ASSIGNED TASK - Only the lines below from the one that contains "Creeva Tie &" through the one that contains "20pc Cute Cat" should appear in your answer, exact and without pictures.

PROVIDED ENTRIES -
····················
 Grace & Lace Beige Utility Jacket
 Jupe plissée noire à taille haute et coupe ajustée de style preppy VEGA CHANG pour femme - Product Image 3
····················
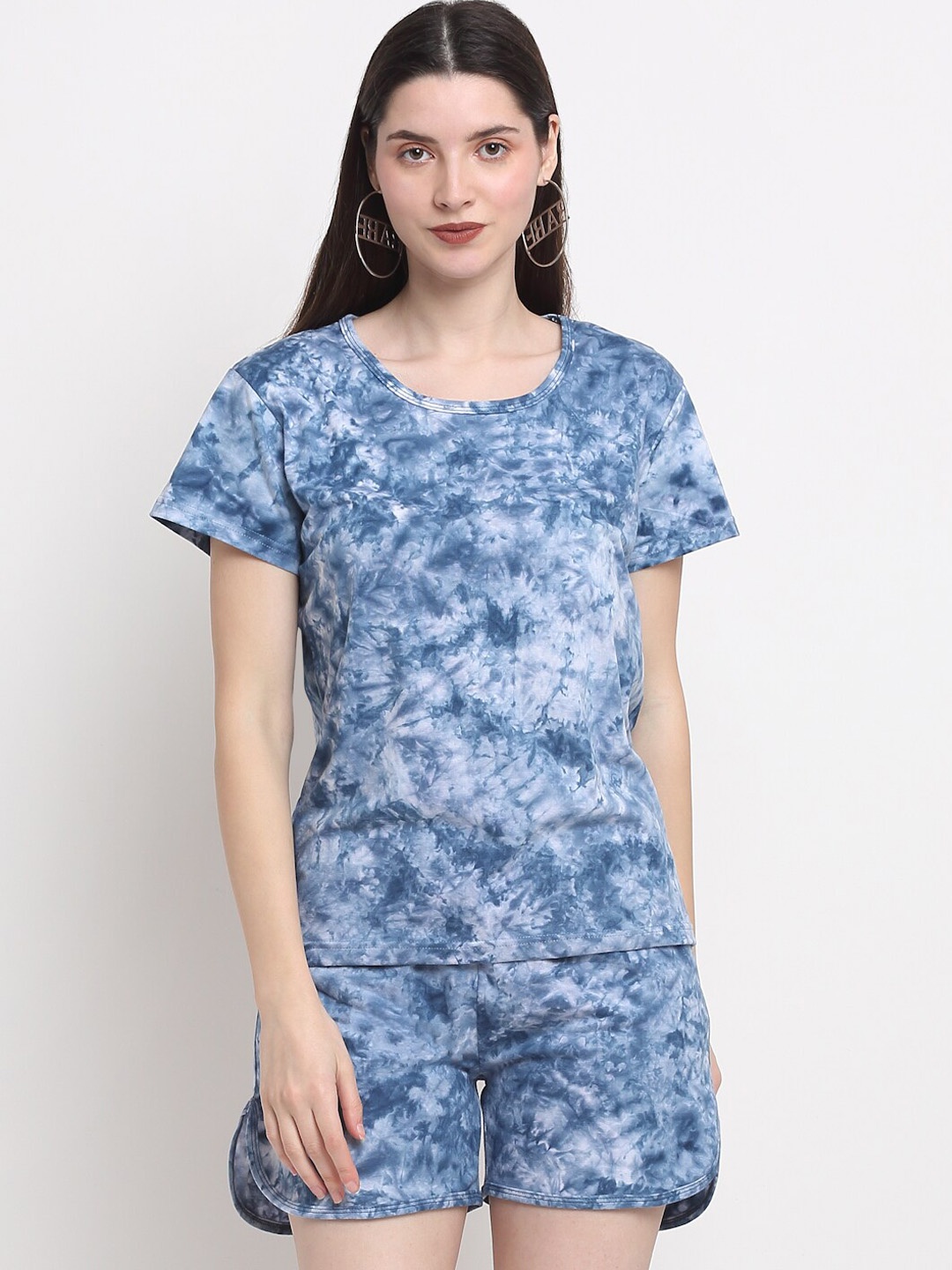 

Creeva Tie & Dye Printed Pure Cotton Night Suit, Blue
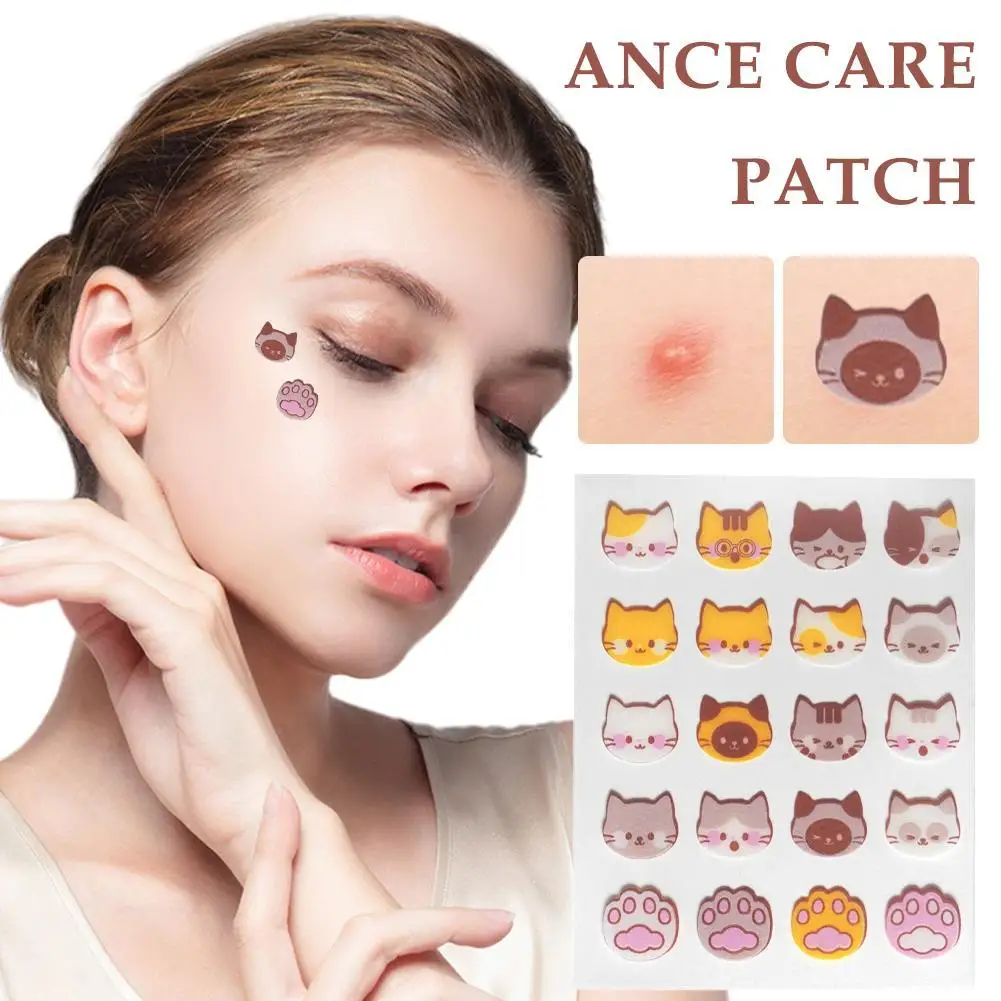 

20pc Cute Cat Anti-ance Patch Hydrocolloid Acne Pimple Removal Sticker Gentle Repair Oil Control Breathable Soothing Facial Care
····················
SOLUTION TO THE PROBLEM -
Creeva Tie & Dye Printed Pure Cotton Night Suit, Blue

20pc Cute Cat Anti-ance Patch Hydrocolloid Acne Pimple Removal Sticker Gentle Repair Oil Control Breathable Soothing Facial Care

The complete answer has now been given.